One of the fascinating things about work positioning techniques used to move around and work position in trees is how scaleable they are. You can make literally make them as complex or simple as the situation requires, as corresponds to your level of ability – or even to your mood.
Thinking back to the early nineties, when it came to tree climbing, life was certainly more straight-forward. You were not exactly drowning in choice when it came to what model harness to chose or what techniques to employ to access the canopy, unlike today! I write this free of judgement, as both extremes – too much, as well as too little choice – pose their own set of challenges when it comes to making sound, well-founded choices.

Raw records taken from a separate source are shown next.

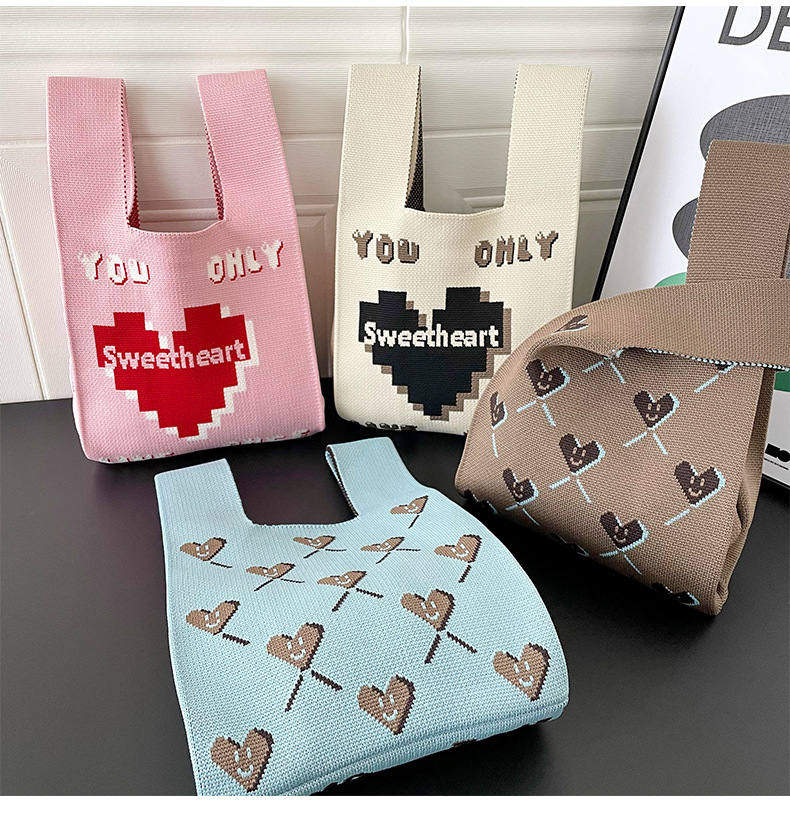 Women's Medium Polyester Letter Heart Shape Beach Open Handbag display picture 9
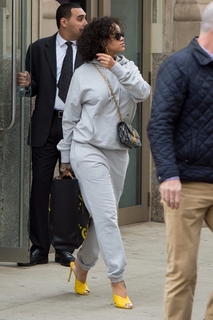 Rihanna feet photo thumbnail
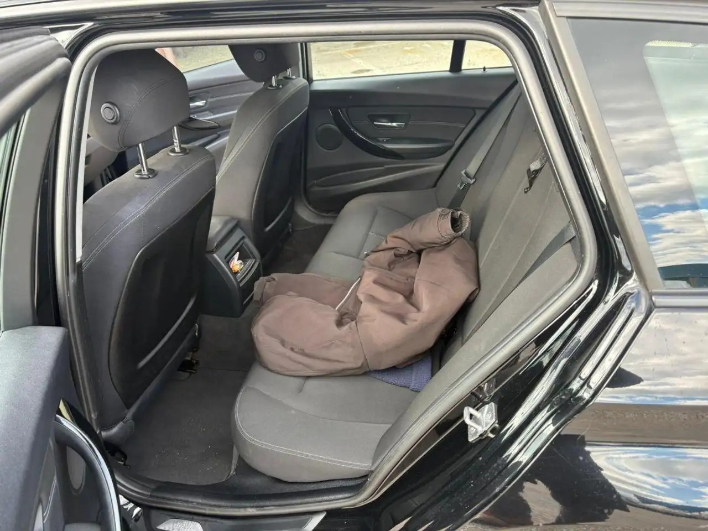BMW 320 320d Eff. Dynamics Business aut. - immagine 1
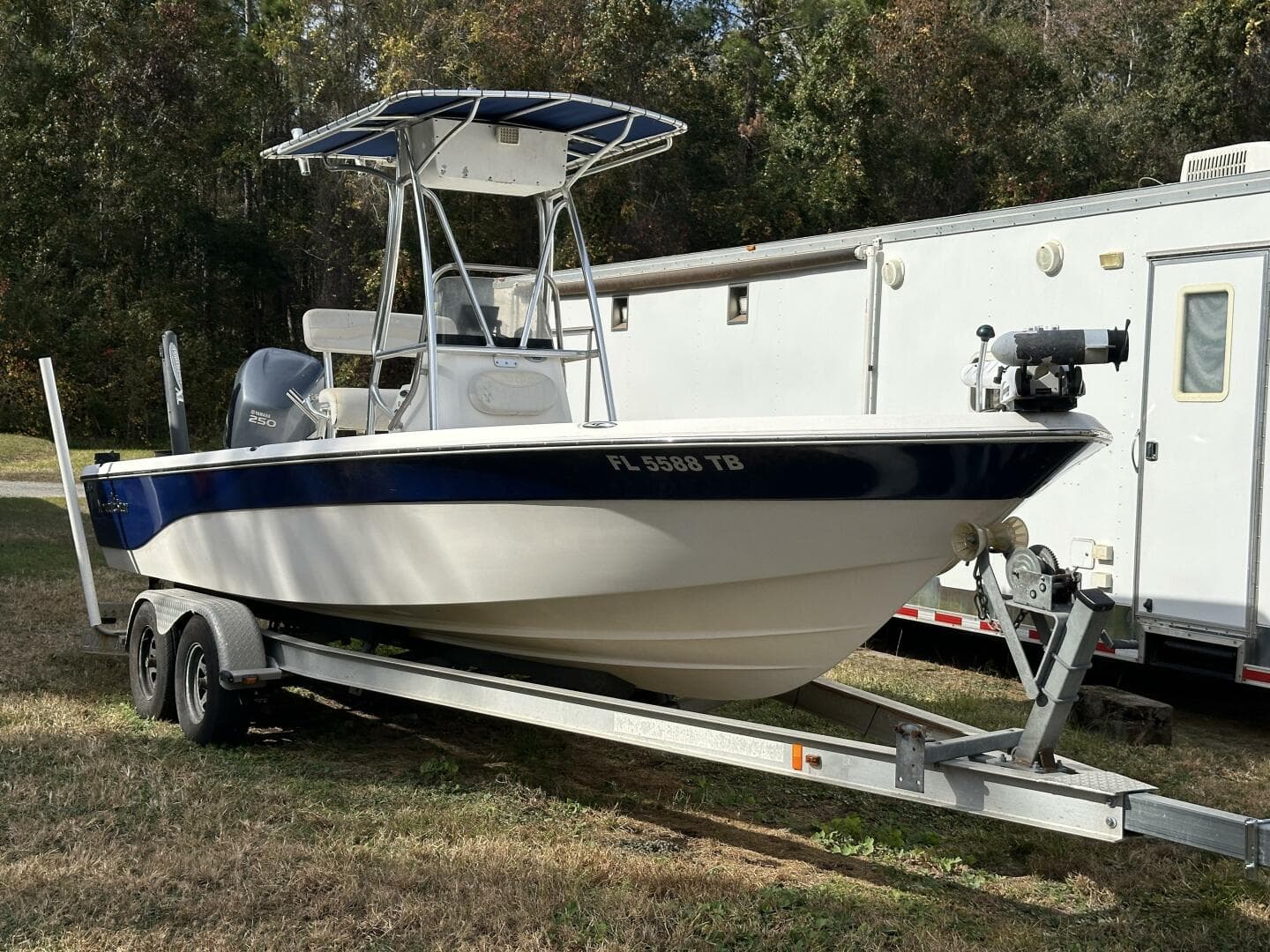 2008 NauticStar 2400 NauticBAY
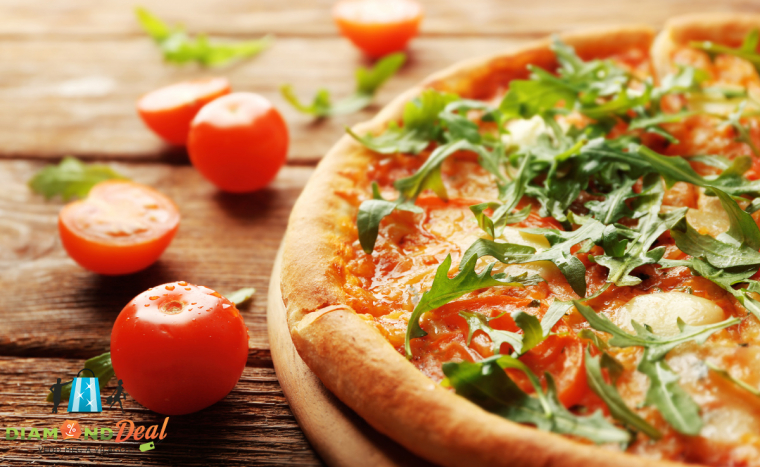 Válassz 4 db ínycsiklandó pizzát és falatozz barátaiddal a Dunakavics Étterem & Bowling Klubban!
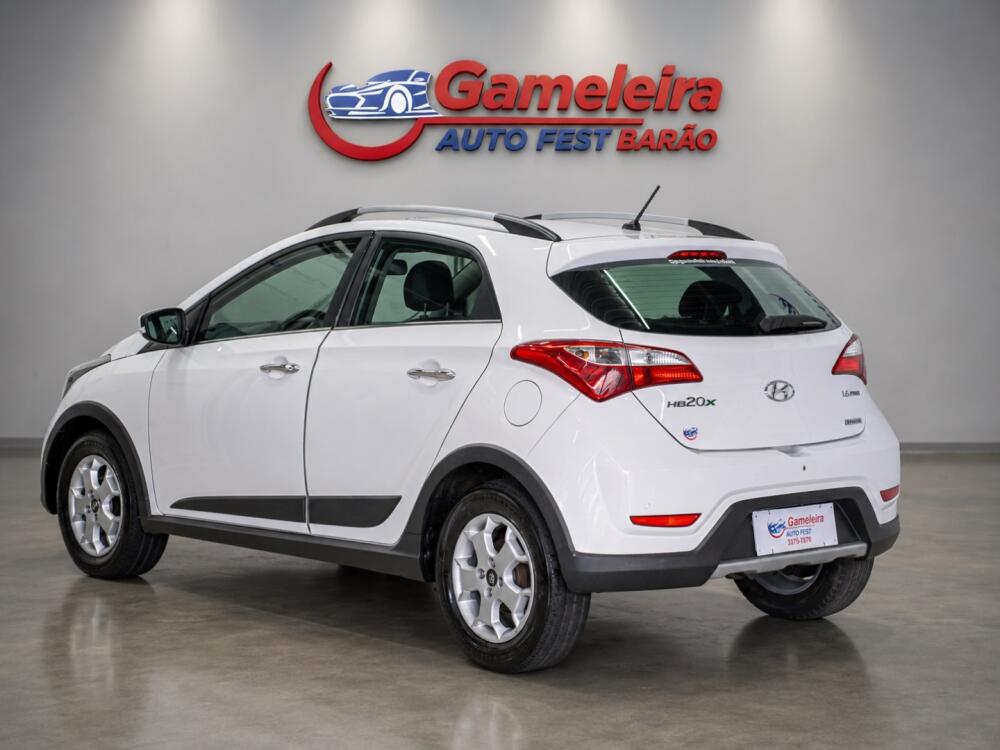 Hyundai HB20 X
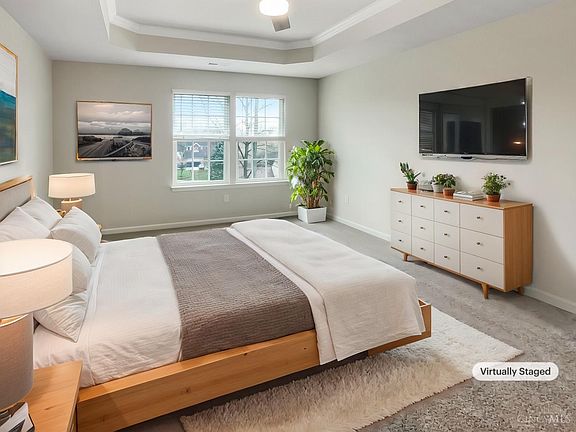 4th image of 840 Blackcomb Dr
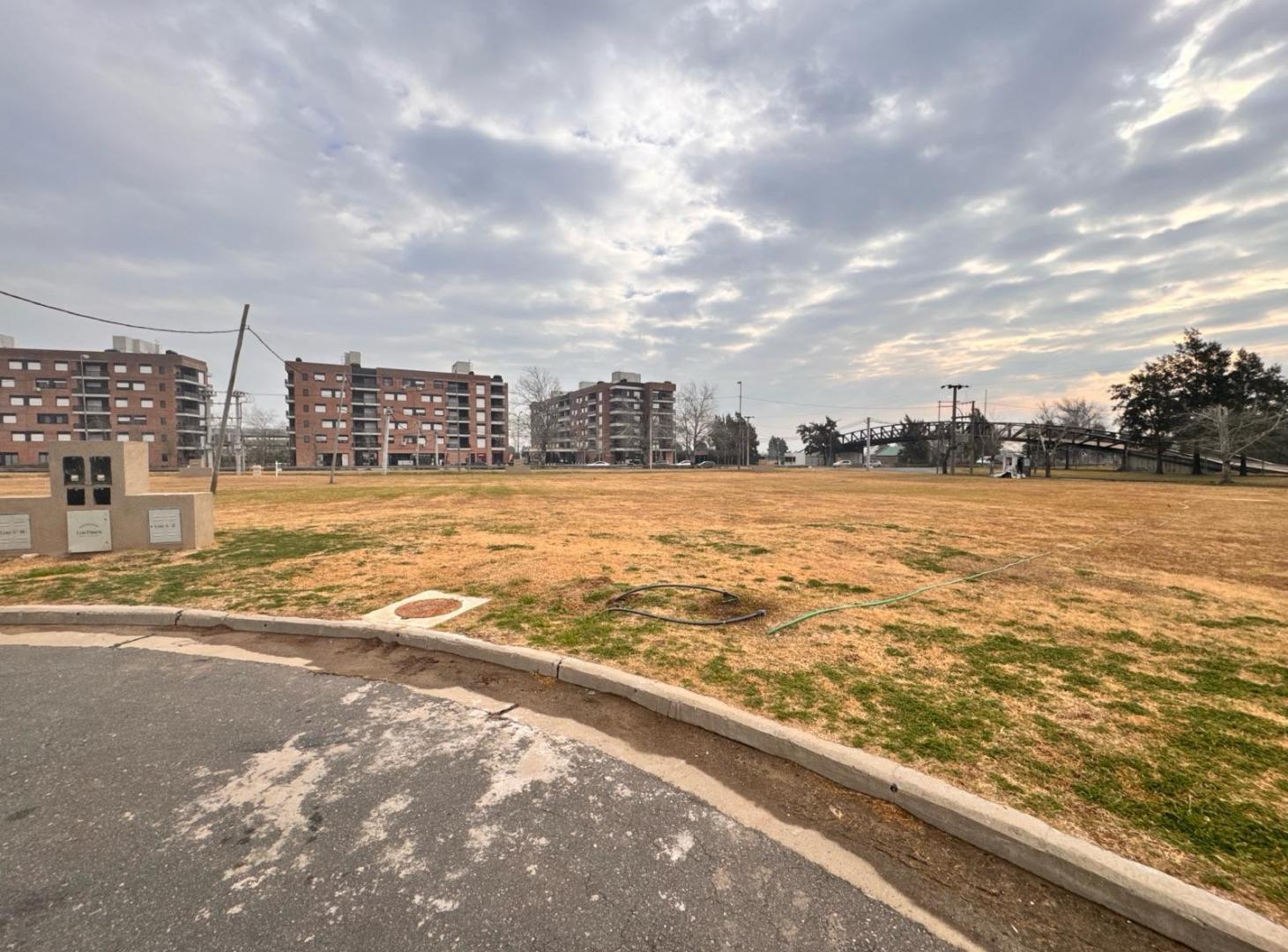 Foto de Terreno en OPORTUNIDAD Barrio Manzanas Abiertas del Jockey - Fisherton, imagen 2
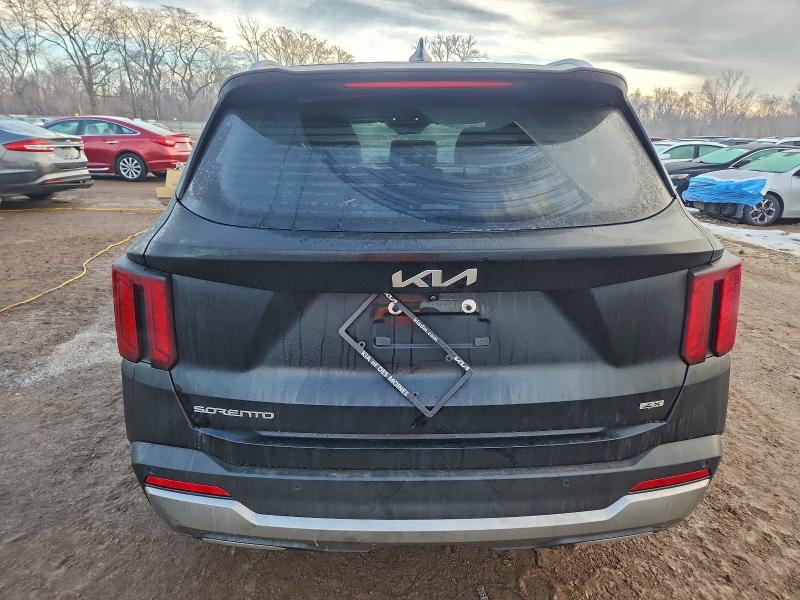 Фото 6 - KIA SORENTO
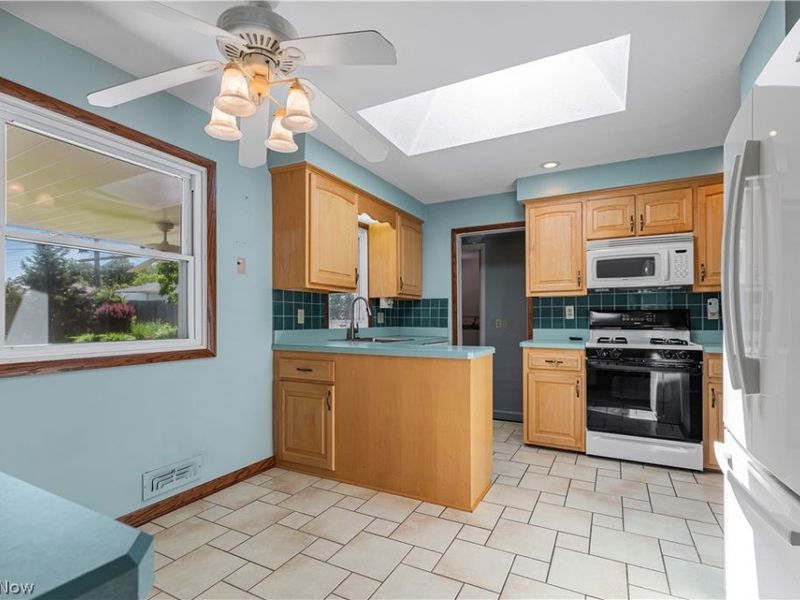 7313 Whitaker Drive , Parma, OH 44130 Photo 8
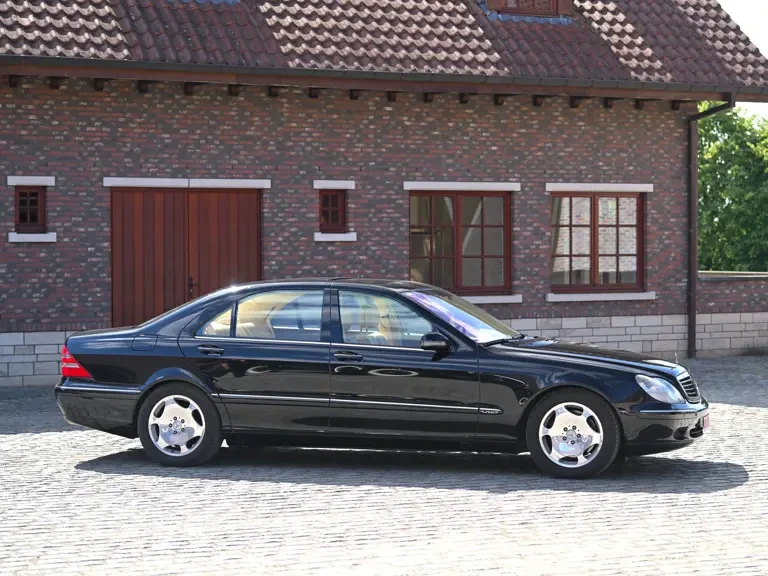 2000 Mercedes-Benz W220 S-Class - Image 9 of 31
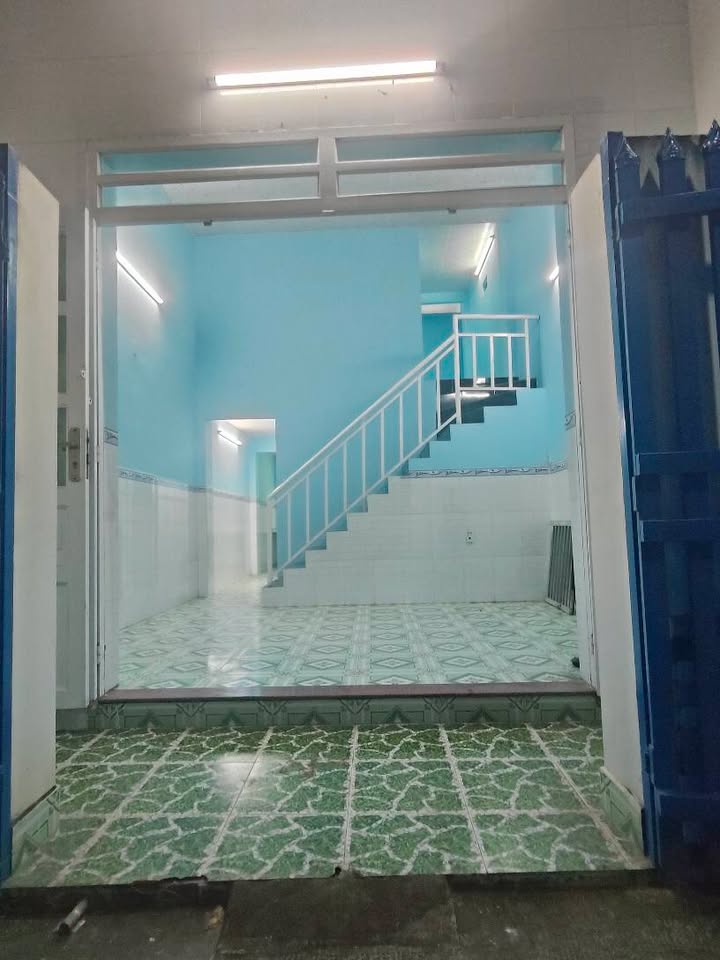 Nhà gác Dĩ An 57m² giá 2.83 tỷ - Xe hơi vào tận nhà!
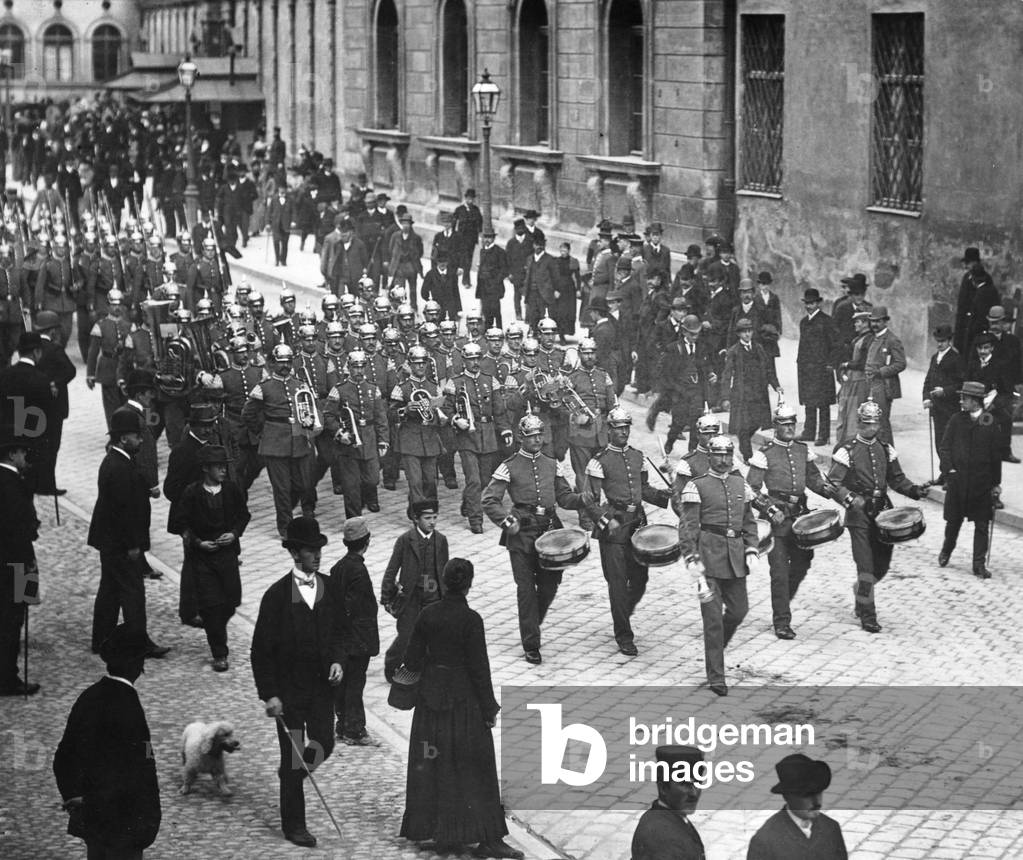 Deployment of the Bavarian Leibregiment in Munich (b/w photo)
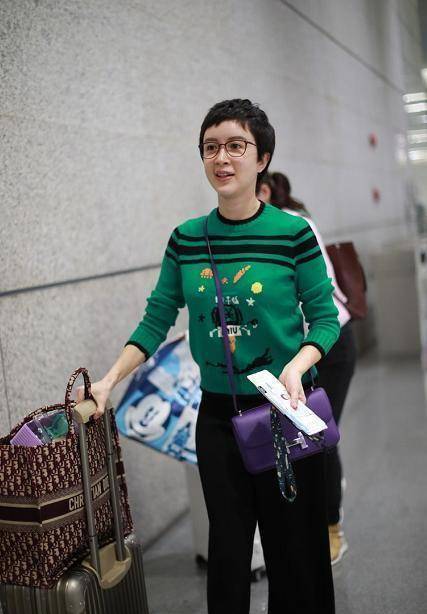 金巧巧总有一种乡土气质,素颜加上短发,老了更没了女人味!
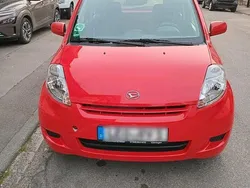 Rot Gebraucht 2008 Daihatsu Sirion Kleinwagen | 2.450 €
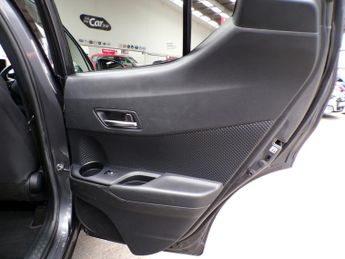 TOYOTA CHR 1.8 DYNAMIC 5DR CVT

Naturally, one can build elaborate structures, celebrating complexity and advanced techniques, yet I always find it interesting breaking it back down to basic techniques, such as body thrusting, three knot systems or footlocking. These form the foundation of what came after. They, of course, in turn build on what went before. I believe it is important that we have a working understanding of these techniques which form part of our (arbori)cultural heritage, to lose it would mean an impoverishment of our tribal history… not that I would want to body thrust to work every day, but sometimes it can indeed be a quick, dirty and easy means to move up the first few meters in a tree – when the only thing you have to hand is your climbing line… by doing so, merging traditional techniques with modern equipment and tools.
I was mulling this over whilst working on the current illustration project, reworking our training manuals. What better way to reflect the simplicity of body thrusting than in black and white line drawings?